Thanks for the input guys. The total sq footage of the units is 81,000, they are high end 1700-2300sq ft 2 & 3 br townhouse styled condominiums. I was planning on starting for now at a building a week because I don't have the man power. 14 weeks is a long time though and that doesn't account for bad weather either, so I might find time to hire more painters if I have to. I'm more used to looking at one house/unit at a time so I estimated that they could vary in price from $2000-$3500 after paint/materials/overhead/etc. I'm pretty confident with my estimating skills but I plan on going back tomorrow for one last look before I turn in my bid with a brochure.


----------



## SunHouseProperties (Feb 19, 2015)

If your comfortable with your single site quotes and these are alittle similar a few differences they'll balance out - MAKE sure you know what those differences are + or - * IMO if your on one site ALL B IT multi unit.. You'll usually benefit from things like duplicate washroom styles and other rooms as well as ladder work AND by the 2nd unit your faster and this benefits your bottom line.
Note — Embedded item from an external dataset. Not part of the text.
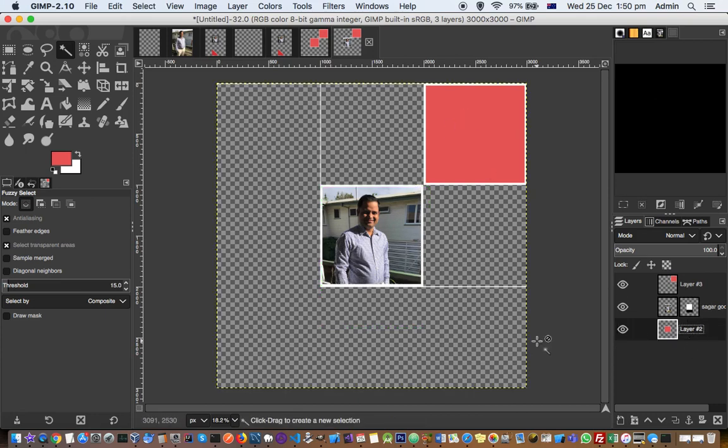And that is how you can create the collage in GIMP. If you have more questions on this, let me know through the comments. Thanks for watching this video.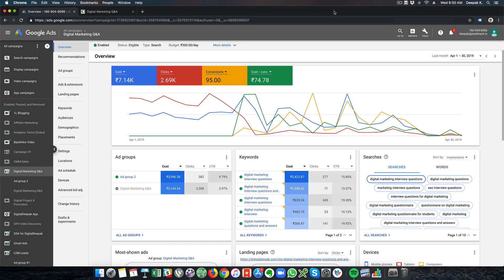Hey, this is Deepak here from DigitalDeepak.com and welcome to another video in your Google Ads mastery course. In this video we are going to have a look at conversion optimized campaigns.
Keep your eyes up OH the longest I've been on a site was 2 months But I've done large sqft really fast when i spray large warehouse BUT I've taken longer on finer works SOOOO


----------



## Stretch67 (Oct 7, 2013)

Natethepainter said:


> I had a business acquaintance refer my crew to a property management company in my area. I will be bidding on 14 apartment buildings with 3-4 units a peice, a total of 41 seperate unit exteriors. It is an upscale community and the property management company would rather have a quality job than a bargain one. Does anyone with any experience have any tips for me on this subject? I have already spent a few hours at the job and feel confident in my company's ability to complete it. What is the longest anyone has spent on a job?


In years or months? Either way, several.


----------